Rob Gentile, the chef at Buca, an ambitious Italian restaurant in downtown Toronto, had a problem. Everything he knew and believed about cooking told him that he shouldn’t waste a single edible bit of the whole hogs he brought into his kitchen, and so he’d demanded that his pig supplier send along the blood with Buca’s weekly order. But Mr. Gentile tried making crêpes with it, and they didn’t taste interesting enough, he said. He made sausage with it, and those didn’t grab him either. The blood was piling up.

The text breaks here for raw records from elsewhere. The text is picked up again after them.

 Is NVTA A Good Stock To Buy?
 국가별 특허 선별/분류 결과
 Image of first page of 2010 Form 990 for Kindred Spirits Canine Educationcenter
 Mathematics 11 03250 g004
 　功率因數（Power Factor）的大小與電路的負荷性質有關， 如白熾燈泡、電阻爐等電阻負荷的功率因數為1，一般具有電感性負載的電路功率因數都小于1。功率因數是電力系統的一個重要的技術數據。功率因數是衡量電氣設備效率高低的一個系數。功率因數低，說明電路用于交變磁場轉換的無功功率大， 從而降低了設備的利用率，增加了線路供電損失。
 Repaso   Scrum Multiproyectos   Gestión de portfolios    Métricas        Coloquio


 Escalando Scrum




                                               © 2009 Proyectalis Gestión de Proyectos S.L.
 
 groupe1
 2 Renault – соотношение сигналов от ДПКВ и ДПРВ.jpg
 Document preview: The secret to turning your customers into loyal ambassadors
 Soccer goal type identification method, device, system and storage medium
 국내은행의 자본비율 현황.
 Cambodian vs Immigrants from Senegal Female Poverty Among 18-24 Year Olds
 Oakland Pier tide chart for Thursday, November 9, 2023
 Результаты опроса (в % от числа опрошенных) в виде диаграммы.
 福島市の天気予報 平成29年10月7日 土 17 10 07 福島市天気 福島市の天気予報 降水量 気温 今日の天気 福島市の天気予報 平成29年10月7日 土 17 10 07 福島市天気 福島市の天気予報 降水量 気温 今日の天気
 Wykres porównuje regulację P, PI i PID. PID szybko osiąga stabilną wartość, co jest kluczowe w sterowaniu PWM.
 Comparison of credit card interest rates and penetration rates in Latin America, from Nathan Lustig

Then, last March, Giuseppe Marchesini, Buca’s manager and sommelier, called his mother in Basilicata, who called her mother, who passed along her recipe for torta di sanguinaccio, a traditional southern Italian pastry commonly eaten in the run-up to Lent. The result is a showstopper of a dish. It combines fresh figs steeped in grappa and espresso with satiny buffalo-milk crème anglaise, chopped, candied almonds – and at its base, a dense, decadent (and not-at-all bloody tasting) dream of a custard that’s made from a mix of dark chocolate and slow-tempered blood.

“At first, with the blood tart, people were shocked,” Mr. Gentile said. “They thought we were crazy.” Now they can’t seem to get enough. When Mr. Gentile briefly took it off the menu earlier this summer (it’s not exactly a hot-weather dish), his customers complained. Mr. Gentile has also added a dish called spaghetti al nero di maiale, for which he tosses blood-blackened noodles with rapini, crumbled ’nduja sausage, garlic and burrata cheese. That pasta is almost indecently good.

Though Mr. Gentile’s intention wasn’t to jump on a trend, those two creations are part of a wave of not-your-usual blood dishes turning up on influential menus in Canada and the United States.

At the Black Hoof in Toronto, chef Brandon Olsen recently debuted a savoury blood custard flavoured with rosemary and topped with pickled pears. Every week, he buys 16 litres of fresh blood from his butcher and freezes it in one-litre batches.

Does Mr. Olsen get squeamish at all? “I enjoy blood,” he answered. “I think blood is a great vessel for culinary expression. When I look at The Learning Channel, at all those surgery shows, that’s when I get squeamish. But working with animals, no.”

At DNA restaurant, a cutting-edge kitchen in Old Montreal, chef Derek Dammann serves panna cotta made from cream, cocoa, black pepper, lemon peel and pig’s blood. He sometimes does blood soup, and blood pasta, too.Chris Cosentino, the star chef at Incanto, an offal-focused restaurant in San Francisco, does a chocolate blood pudding garnished with Bing cherries. Other U.S. chefs use it to enrich dark Swedish rye bread or Finnish blood pancakes, which are called blodplättar, and are typically served with preserved lingonberries.

Just yesterday, Rene Redzepi, the chef at Copenhagen's Noma, which is arguably the best restaurant in the world, posted photos showing cauliflower and other vegetables marinating in pig's blood.

At Cook It Raw, a symposium of many of the world’s most innovative chefs in Lapland last year – the sort of clubby, invitation-only event that most chefs can only read about with awe (Mr. Redzepi is a fixture at the annual event) – one team presented a dish of cappelletti pasta stuffed with reindeer blood. And Food Arts, an industry-focused culinary magazine, made a long essay about blood the cover story of its July/August issue (the cover photo, unfortunately, looked more like an outtake from CSI Miami than your usual food porn).

There’s a very good chance, in other words, that your dinner is about to get bloody.